The Palestinian news agency Wafa reported that those killed across Gaza on Thursday included a woman and her child sheltering in a tent camp for displaced people in Khan Younis.

Meanwhile, UN rights experts voiced alarm at reports of “enforced disappearances” of starving Palestinians seeking food at distribution sites run by the US- and Israeli-backed GHF, urging Israel to end the “heinous crime”.

The seven independent experts said in a joint statement they had received reports that a number of individuals, including one child, had been “forcibly disappeared” after going to aid distribution sites in Rafah in southern Gaza.

“Reports of enforced disappearances targeting starving civilians seeking their basic right to food is not only shocking, but amounts to torture,” said the experts, who are mandated by the UN Human Rights Council but who do not speak on behalf of the UN itself.

“Using food as a tool to conduct targeted and mass disappearances needs to end now.”

In response, the GHF said it had found no evidence of “enforced disappearances” at its aid sites.

According to the AFP news agency, the GHF said in response to the experts’ statement: “We operate in a war zone where serious allegations exist against all parties operating outside our sites. But inside GHF facilities, there is no evidence of enforced disappearances.”

New famine deaths

With the enclave in the grips of a humanitarian crisis, the Gaza Ministry of Health also said on Thursday that four more people, including two children, had died of malnutrition and starvation in the enclave, raising hunger-related deaths to 317 people, including 121 children, since the war started.

“The scene on the ground is quite heartbreaking,” Al Jazeera’s Tareq Abu Azzoum reported from Deir el-Balah in central Gaza.
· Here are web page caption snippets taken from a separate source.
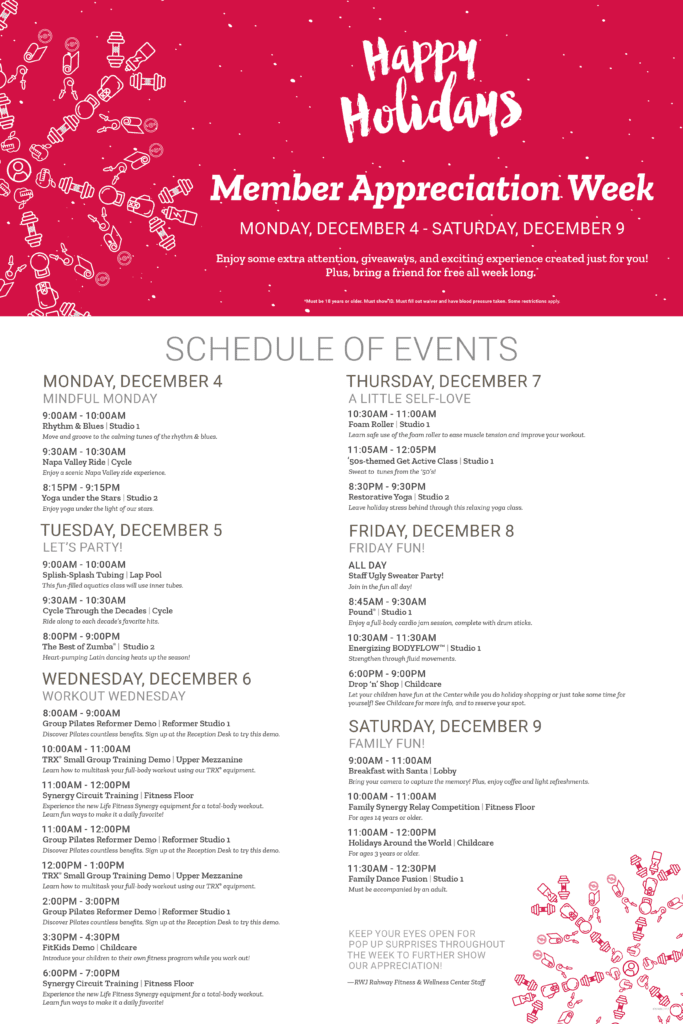 Schedule for RWJ Rahway Fitness & Wellness Center Member Appreciation Week 2017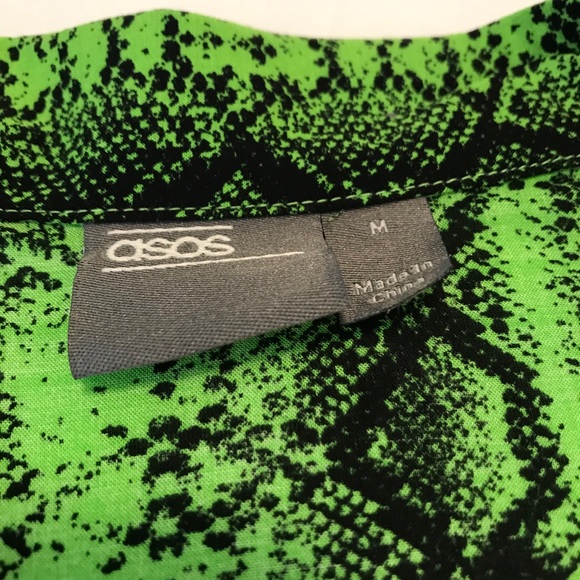 Asos Shirt Button Down Snake Print Medium - Picture 7 of 16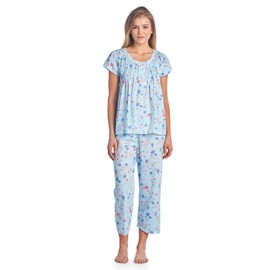 Casual Nights Women's Short Sleeve Capri Pajama Set - Blue - 3X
“Families are still lining up in front of soup kitchens for hours under the scorching heat, often to return to their temporary shelters empty-handed,” he said.

“Others are risking their lives to travel to distribution points to seek food aid.”

Israel’s military campaign has devastated the territory and displaced most of the roughly two million Palestinians there.

It started after Hamas’s October 2023 attacks on Israel, which killed 1,139 people with another 251 taken captive. Most of the captives have since been released through diplomatic negotiations although 50 remain in Gaza, of whom 20 are said to be alive.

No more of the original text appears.